↓
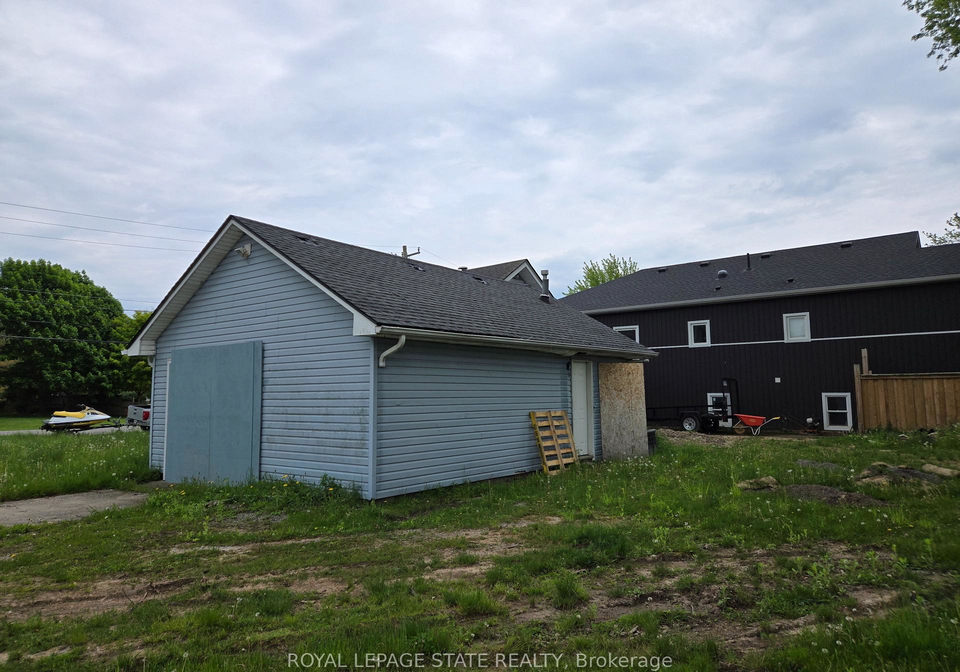 303-ridge-road-s-fort-erie-ontario-x13601240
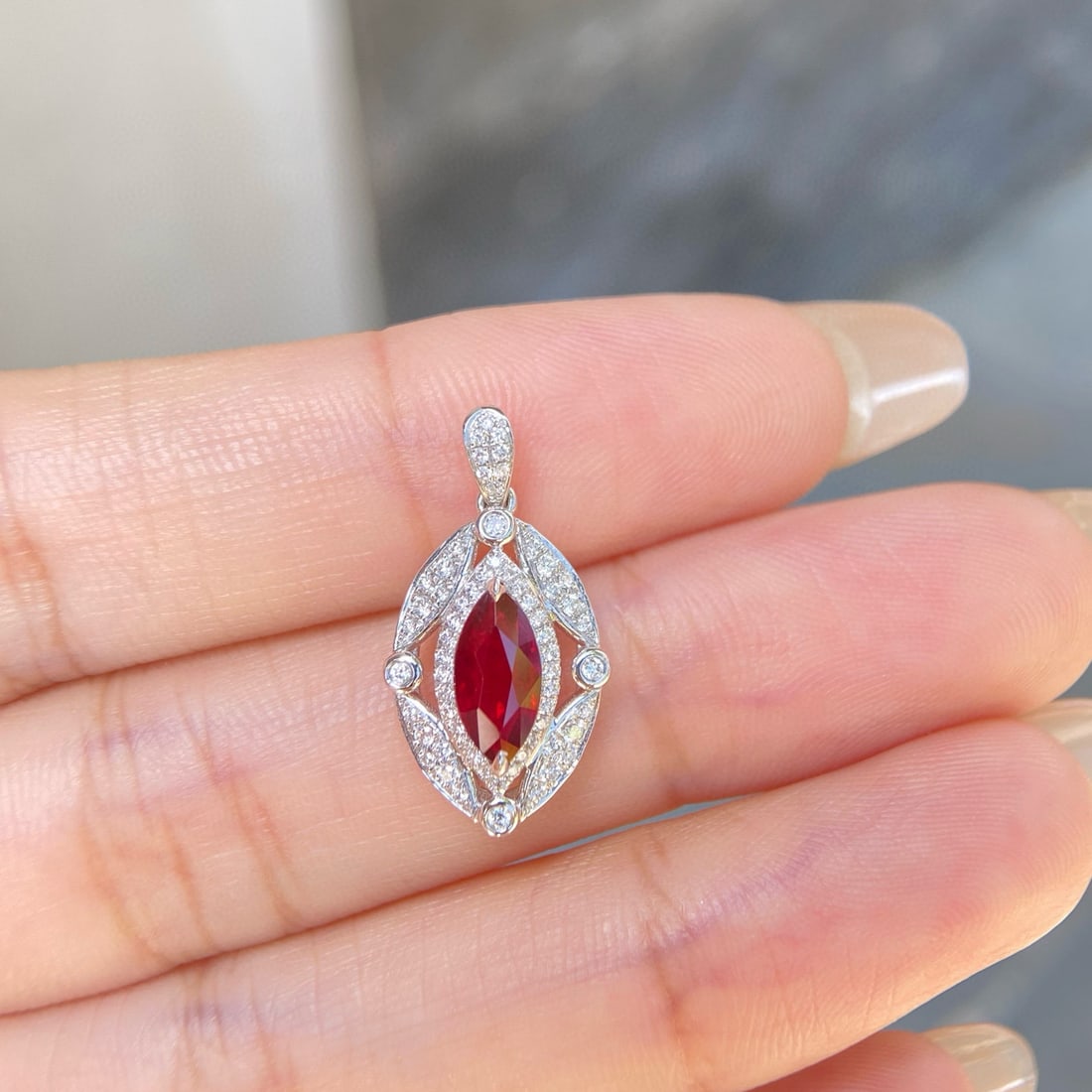 14k Gold 1.31 Ctw Natural Ruby & Diamond Pendant( Without Chain ): Ref:231080153 // gold content:14k gold // main gemstone:ruby // shape:marquise // carat weight:1. 01ct // color:pigeonblood red // treatment:natural // // adjacent gemstone 2 : diamond // shape:round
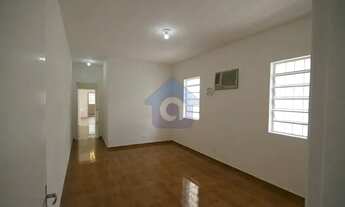 Imagem 4: CASA 3 DORM 1 SUITE 2 VAGAS /QUINTAL /SAUDE A 650MTS DO METRO PÇA DA ARVORE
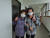 청암중학교에 재학 중인 박무성(왼쪽), 박무순 자매가 기자를 향해 포즈를 취하고 있다. 양수민 기자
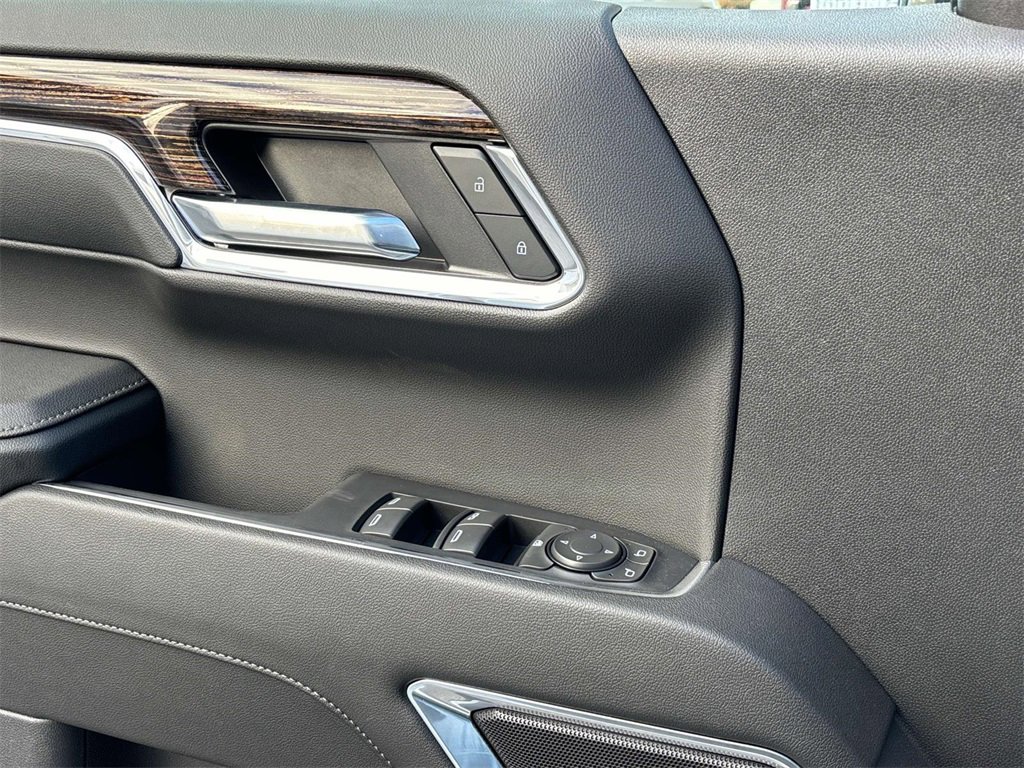 New 2024 GMC Sierra 1500 SLE w/ Preferred Package image 8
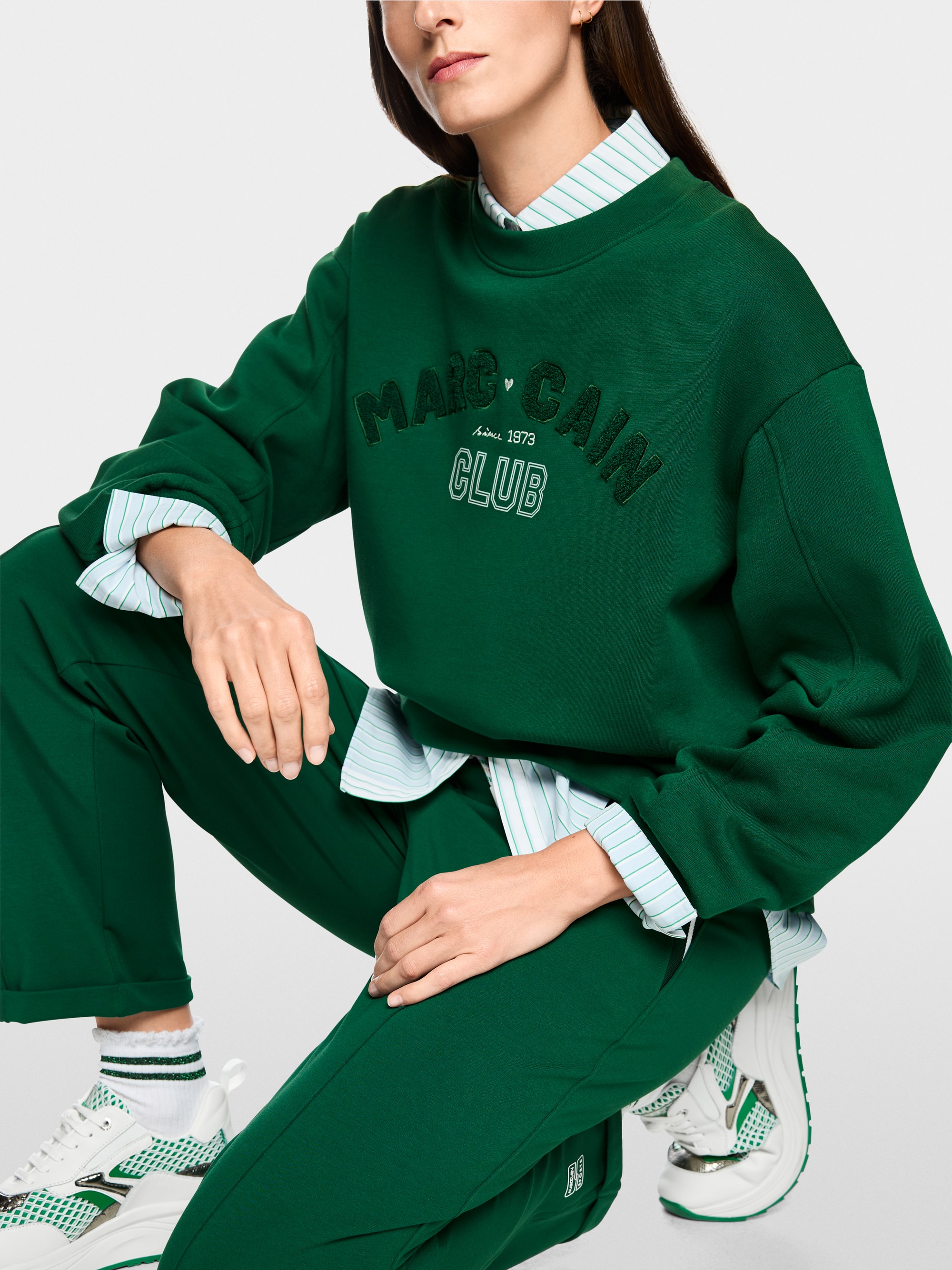 Sweatshirt with flocking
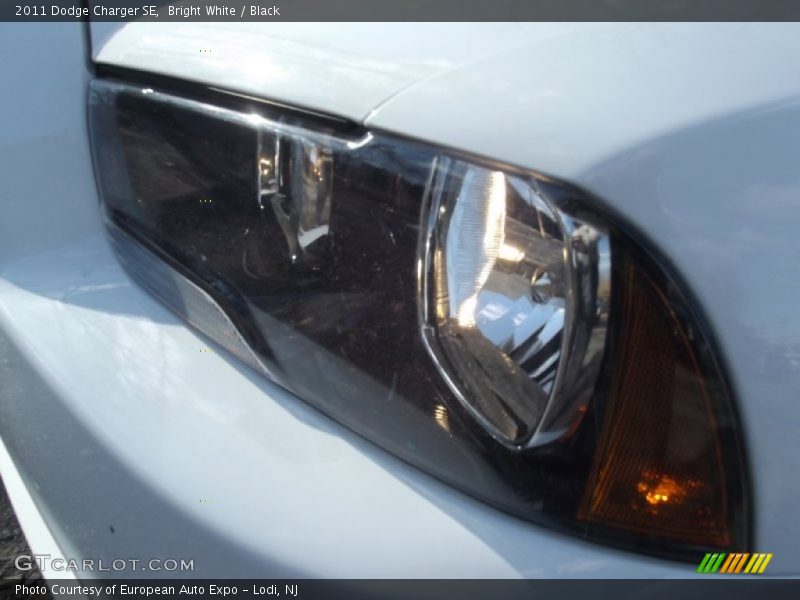 Bright White / Black 2011 Dodge Charger SE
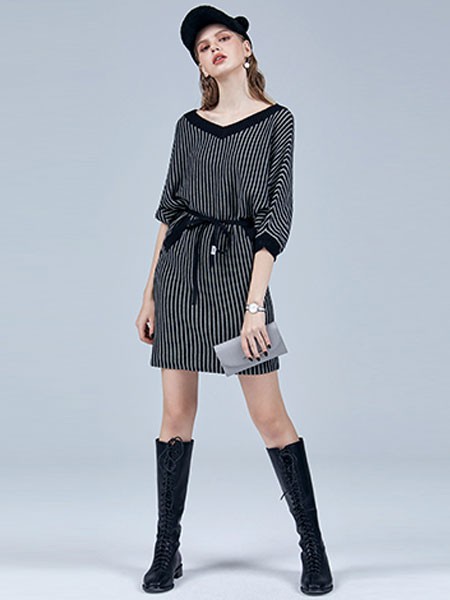 naturally女装2023春夏季灰色连衣裙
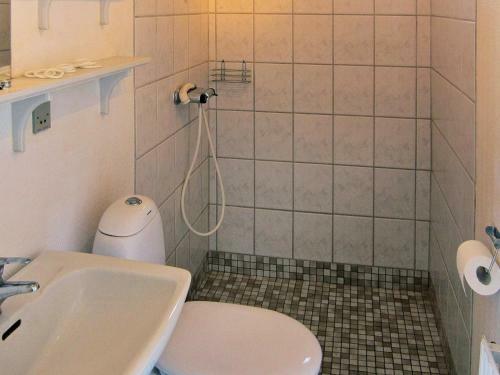 Three-bedroom Holiday Home In Nex� 40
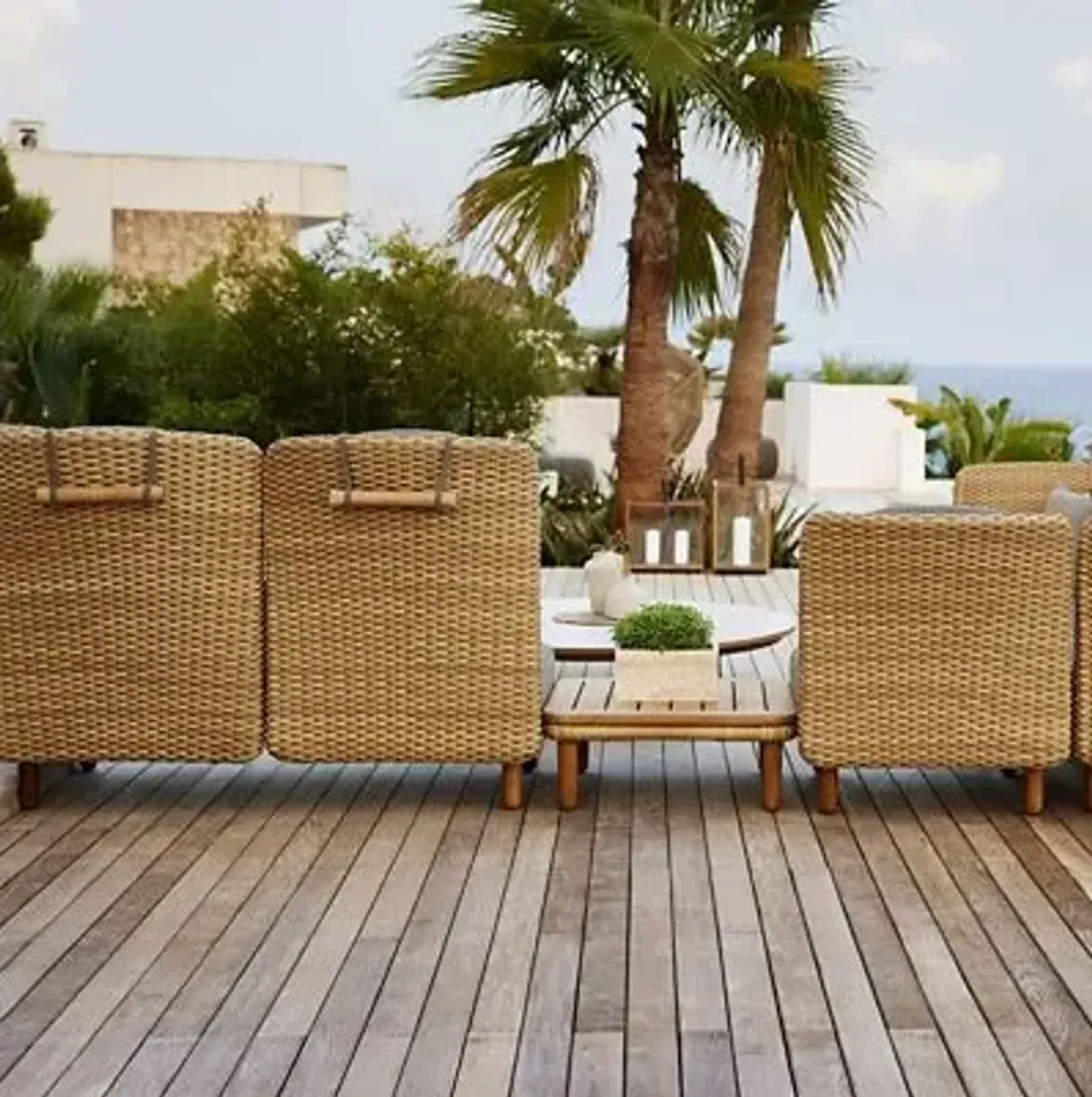 Arch Outdoor Neck Cushion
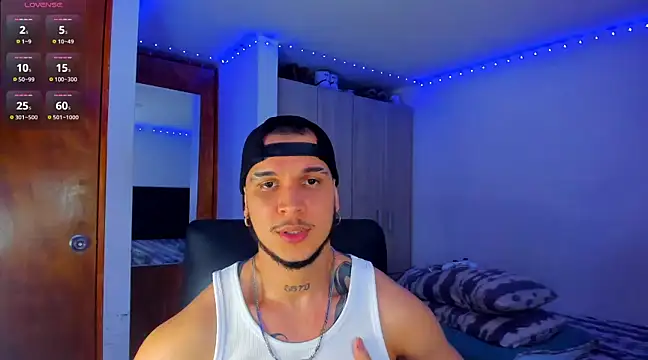 Snapshot of austinoficial chatting on March 2025 04:08:02 AM austinoficial online show from March 2025 04:08:02 AM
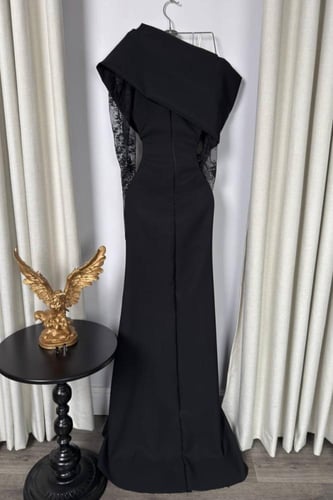 فستان سهرة أوف شولدر لون اسود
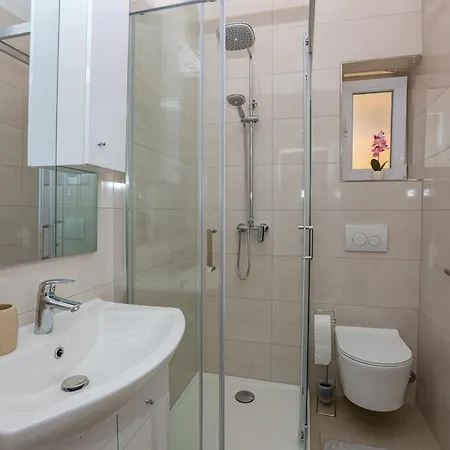 Apartamento By The Sea Razanj, - 2100 *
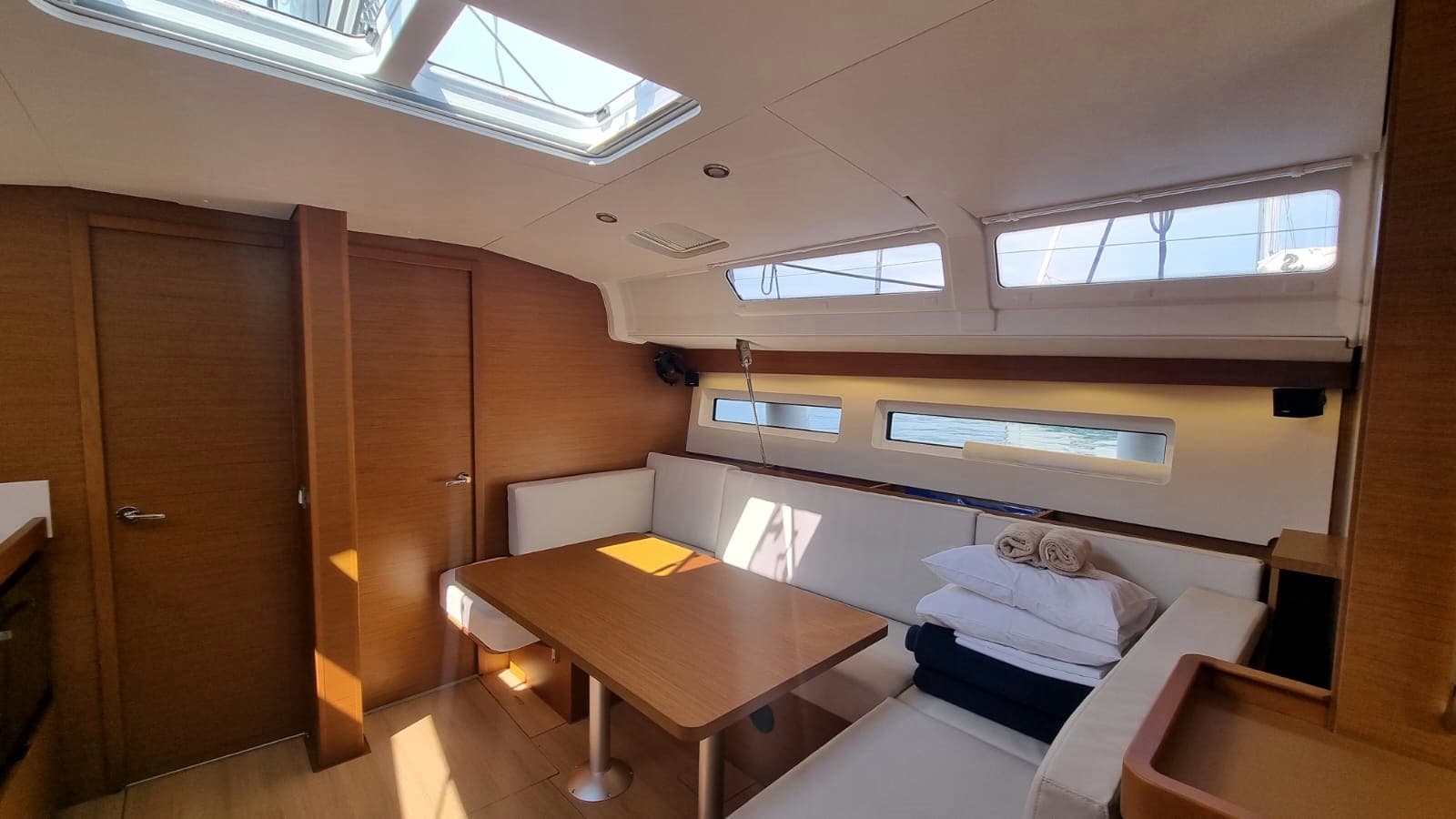 Sun Odyssey 490 - photo 26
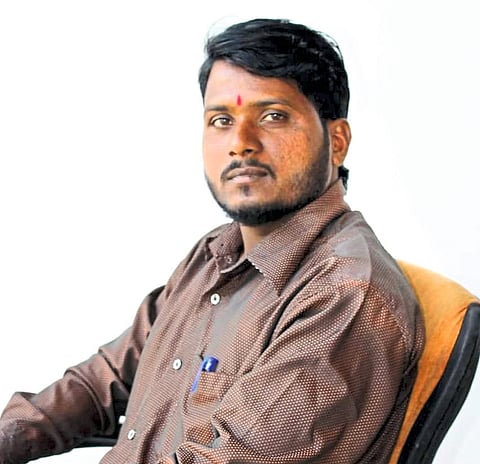 कासारवाडी घाटात 
दिव्यांगासह दोन ठार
↑
Exercise brief: Copy nothing but the lines from the one containing "Bright White / Black 2011 Dodge Charger SE" through the last line of the listing above, transcribed exactly and with no pictures.

Worked solution:
 Bright White / Black 2011 Dodge Charger SE
 naturally女装2023春夏季灰色连衣裙
 Three-bedroom Holiday Home In Nex� 40
 Arch Outdoor Neck Cushion
 Snapshot of austinoficial chatting on March 2025 04:08:02 AM austinoficial online show from March 2025 04:08:02 AM
 فستان سهرة أوف شولدر لون اسود
 Apartamento By The Sea Razanj, - 2100 *
 Sun Odyssey 490 - photo 26
 कासारवाडी घाटात 
दिव्यांगासह दोन ठार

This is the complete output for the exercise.